What is being asked
Take every line from the records below that includes the word "photo".

--- START ---

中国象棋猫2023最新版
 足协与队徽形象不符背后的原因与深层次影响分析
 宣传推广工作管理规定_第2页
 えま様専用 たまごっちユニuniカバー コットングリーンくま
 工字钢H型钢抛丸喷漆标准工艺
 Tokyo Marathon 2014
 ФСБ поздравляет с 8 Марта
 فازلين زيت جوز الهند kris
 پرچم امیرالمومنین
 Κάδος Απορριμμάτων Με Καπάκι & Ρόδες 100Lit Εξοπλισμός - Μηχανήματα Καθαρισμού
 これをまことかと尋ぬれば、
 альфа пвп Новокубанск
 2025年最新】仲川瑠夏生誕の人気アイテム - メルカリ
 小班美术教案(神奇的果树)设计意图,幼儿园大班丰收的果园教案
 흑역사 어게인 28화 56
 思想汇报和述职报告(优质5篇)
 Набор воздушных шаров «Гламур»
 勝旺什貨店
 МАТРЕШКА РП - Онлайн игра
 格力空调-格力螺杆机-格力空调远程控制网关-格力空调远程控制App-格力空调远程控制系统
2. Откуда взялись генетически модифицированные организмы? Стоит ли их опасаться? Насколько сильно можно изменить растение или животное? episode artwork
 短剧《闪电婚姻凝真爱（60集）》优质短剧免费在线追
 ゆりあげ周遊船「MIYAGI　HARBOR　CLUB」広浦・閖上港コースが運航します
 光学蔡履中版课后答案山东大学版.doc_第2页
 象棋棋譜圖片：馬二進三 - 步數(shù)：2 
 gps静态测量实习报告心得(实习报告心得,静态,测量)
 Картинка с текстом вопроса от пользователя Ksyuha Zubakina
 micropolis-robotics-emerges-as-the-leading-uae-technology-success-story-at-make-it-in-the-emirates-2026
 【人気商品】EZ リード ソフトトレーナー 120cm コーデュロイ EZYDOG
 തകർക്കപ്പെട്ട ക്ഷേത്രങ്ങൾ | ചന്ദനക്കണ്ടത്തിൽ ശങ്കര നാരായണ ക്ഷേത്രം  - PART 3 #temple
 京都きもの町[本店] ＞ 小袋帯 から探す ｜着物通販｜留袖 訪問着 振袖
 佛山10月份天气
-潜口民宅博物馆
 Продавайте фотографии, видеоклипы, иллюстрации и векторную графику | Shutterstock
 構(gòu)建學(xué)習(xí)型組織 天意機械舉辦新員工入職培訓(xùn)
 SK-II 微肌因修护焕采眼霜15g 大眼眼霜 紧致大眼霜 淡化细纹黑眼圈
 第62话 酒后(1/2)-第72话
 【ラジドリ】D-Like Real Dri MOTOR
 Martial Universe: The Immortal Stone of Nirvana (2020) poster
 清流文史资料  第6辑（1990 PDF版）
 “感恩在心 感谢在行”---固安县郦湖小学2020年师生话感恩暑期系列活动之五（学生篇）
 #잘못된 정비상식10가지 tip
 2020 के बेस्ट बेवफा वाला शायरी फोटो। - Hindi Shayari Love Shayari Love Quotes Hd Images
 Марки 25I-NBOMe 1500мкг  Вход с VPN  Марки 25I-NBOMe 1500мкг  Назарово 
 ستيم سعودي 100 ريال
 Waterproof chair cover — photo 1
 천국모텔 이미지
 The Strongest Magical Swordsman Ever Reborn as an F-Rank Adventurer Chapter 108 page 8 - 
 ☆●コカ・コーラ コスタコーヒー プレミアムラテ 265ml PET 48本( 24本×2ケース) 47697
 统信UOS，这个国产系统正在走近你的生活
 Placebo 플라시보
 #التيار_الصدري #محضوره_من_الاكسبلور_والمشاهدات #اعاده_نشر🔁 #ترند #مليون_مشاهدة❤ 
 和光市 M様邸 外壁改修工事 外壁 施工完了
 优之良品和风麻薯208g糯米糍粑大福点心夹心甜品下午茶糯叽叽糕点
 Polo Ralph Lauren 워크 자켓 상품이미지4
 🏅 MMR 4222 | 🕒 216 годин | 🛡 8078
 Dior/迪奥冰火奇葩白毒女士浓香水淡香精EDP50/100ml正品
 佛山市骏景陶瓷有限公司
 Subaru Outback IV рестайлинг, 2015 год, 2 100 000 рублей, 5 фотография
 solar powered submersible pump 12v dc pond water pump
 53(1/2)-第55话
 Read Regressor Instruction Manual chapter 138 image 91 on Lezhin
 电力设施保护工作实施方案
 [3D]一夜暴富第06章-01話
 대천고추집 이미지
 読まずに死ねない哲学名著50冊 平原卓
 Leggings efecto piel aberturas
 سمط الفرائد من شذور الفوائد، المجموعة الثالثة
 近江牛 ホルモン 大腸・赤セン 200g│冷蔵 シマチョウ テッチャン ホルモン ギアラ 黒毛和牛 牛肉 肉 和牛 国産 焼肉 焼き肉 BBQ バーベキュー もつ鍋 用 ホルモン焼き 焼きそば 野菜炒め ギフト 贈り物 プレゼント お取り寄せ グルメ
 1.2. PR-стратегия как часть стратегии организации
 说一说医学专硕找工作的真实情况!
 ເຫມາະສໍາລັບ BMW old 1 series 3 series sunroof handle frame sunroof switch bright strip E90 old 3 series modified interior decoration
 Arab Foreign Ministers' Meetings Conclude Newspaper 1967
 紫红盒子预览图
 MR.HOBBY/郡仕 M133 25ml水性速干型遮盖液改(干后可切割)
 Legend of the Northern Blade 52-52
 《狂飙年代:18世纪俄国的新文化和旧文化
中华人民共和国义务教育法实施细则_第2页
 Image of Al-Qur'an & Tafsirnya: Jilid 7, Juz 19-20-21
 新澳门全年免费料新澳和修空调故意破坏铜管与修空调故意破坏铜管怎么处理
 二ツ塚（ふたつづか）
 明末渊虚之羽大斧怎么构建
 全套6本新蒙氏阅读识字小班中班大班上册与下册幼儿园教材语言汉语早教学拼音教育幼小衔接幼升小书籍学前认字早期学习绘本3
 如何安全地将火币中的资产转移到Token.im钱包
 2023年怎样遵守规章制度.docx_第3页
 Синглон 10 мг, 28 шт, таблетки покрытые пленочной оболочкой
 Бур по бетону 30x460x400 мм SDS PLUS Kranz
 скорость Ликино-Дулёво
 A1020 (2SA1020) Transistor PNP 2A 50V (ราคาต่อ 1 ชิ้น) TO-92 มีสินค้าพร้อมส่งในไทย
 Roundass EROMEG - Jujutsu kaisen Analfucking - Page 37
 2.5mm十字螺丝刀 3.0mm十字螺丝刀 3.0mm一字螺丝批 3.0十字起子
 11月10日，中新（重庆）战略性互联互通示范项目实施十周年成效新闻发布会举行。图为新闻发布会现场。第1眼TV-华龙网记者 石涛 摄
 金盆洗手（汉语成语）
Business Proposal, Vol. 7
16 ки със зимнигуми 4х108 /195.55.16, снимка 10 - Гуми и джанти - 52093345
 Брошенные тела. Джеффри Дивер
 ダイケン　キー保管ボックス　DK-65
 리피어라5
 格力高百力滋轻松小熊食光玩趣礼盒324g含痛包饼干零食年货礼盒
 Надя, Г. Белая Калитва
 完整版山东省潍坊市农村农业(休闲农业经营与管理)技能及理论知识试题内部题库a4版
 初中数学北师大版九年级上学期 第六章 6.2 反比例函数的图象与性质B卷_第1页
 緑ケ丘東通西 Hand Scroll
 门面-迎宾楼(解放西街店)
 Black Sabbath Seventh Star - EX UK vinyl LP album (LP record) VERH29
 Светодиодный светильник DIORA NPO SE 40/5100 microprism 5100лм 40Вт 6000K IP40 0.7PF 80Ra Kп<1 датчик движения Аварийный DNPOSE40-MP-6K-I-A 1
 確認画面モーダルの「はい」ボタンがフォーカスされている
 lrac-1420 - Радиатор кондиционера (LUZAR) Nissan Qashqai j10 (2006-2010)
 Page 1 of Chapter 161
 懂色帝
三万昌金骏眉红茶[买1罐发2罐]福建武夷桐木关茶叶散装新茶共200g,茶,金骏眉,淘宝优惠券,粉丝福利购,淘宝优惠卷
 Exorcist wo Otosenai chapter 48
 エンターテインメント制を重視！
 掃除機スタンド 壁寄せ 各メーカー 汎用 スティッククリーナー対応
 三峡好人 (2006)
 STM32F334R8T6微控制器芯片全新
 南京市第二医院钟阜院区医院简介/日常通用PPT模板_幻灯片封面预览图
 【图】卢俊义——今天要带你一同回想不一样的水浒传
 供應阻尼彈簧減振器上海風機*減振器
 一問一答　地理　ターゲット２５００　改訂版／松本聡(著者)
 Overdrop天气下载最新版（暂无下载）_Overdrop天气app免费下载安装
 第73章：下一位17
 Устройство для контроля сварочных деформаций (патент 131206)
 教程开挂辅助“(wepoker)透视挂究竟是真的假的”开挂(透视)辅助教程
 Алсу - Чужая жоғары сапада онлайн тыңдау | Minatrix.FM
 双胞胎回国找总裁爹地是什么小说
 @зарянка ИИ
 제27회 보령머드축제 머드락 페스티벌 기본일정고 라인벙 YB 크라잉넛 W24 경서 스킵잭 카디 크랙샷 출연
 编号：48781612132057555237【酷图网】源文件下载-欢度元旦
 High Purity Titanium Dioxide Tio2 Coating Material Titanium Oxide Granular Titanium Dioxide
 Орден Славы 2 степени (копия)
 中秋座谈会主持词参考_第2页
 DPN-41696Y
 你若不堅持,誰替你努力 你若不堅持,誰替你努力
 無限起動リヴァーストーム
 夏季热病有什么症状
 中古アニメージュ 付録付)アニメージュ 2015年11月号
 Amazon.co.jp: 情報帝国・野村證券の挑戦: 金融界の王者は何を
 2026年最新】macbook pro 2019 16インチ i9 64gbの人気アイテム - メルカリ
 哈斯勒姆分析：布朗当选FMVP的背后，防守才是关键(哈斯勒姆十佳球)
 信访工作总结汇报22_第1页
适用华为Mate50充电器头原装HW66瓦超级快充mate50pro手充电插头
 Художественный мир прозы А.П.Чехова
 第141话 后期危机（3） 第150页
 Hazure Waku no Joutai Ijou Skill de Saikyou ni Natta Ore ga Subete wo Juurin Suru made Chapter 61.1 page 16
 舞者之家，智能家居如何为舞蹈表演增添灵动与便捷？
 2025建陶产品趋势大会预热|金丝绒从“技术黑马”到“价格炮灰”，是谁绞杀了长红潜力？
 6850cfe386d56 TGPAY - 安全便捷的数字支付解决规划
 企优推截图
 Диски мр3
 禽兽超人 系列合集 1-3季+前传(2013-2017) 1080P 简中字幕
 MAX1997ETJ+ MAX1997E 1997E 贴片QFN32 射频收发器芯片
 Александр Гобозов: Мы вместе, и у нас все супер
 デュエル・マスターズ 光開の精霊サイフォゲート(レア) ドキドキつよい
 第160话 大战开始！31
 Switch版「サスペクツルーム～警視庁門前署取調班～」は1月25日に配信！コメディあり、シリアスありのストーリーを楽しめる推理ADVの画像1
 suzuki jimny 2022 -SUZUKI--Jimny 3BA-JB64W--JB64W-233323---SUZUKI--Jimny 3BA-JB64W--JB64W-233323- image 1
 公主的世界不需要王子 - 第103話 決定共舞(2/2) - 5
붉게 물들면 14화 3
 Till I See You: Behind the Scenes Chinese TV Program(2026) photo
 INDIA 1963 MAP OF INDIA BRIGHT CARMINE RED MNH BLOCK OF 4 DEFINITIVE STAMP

--- END ---

Result of the task
 Waterproof chair cover — photo 1
 Till I See You: Behind the Scenes Chinese TV Program(2026) photo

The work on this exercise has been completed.